> **Your objective**:
From the line that contains "Portatif Bisiklet Park Yeri" to the end of the records below, copy every line exactly. Both the first and last of these lines count.

Stored records
━━━━━━━━━━

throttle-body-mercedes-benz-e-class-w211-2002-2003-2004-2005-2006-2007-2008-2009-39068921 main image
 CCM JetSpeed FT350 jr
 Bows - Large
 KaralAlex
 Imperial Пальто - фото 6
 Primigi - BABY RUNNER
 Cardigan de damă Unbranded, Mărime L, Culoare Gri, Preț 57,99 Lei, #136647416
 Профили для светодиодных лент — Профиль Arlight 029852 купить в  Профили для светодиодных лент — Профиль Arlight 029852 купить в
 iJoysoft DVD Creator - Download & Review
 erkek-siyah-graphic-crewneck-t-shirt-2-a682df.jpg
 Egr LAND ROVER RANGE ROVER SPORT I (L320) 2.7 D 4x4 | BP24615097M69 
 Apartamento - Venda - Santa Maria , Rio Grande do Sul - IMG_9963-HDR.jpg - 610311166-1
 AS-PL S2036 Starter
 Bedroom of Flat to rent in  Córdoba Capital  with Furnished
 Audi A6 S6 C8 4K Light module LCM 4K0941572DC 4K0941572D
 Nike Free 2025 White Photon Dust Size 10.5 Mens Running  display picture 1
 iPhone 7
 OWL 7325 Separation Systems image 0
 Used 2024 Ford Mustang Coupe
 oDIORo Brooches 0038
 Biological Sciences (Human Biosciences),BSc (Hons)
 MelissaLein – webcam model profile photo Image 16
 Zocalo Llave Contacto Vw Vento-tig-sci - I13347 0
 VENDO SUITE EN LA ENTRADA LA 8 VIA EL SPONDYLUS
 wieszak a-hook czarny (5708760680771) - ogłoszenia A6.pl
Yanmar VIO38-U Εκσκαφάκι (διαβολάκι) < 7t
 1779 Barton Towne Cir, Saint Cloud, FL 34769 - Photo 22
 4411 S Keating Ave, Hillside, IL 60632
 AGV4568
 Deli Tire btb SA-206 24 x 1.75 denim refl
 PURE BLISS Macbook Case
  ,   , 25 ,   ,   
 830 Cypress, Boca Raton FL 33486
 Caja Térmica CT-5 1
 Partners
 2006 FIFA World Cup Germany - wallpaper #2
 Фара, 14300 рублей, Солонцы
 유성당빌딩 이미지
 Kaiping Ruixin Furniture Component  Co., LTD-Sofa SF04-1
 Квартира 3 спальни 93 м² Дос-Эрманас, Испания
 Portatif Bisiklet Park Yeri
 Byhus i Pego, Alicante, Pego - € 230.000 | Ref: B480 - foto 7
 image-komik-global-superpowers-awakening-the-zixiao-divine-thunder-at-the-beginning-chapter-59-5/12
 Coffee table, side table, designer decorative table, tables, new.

━━━━━━━━━━

> **Expected output**:
 Portatif Bisiklet Park Yeri
 Byhus i Pego, Alicante, Pego - € 230.000 | Ref: B480 - foto 7
 image-komik-global-superpowers-awakening-the-zixiao-divine-thunder-at-the-beginning-chapter-59-5/12
 Coffee table, side table, designer decorative table, tables, new.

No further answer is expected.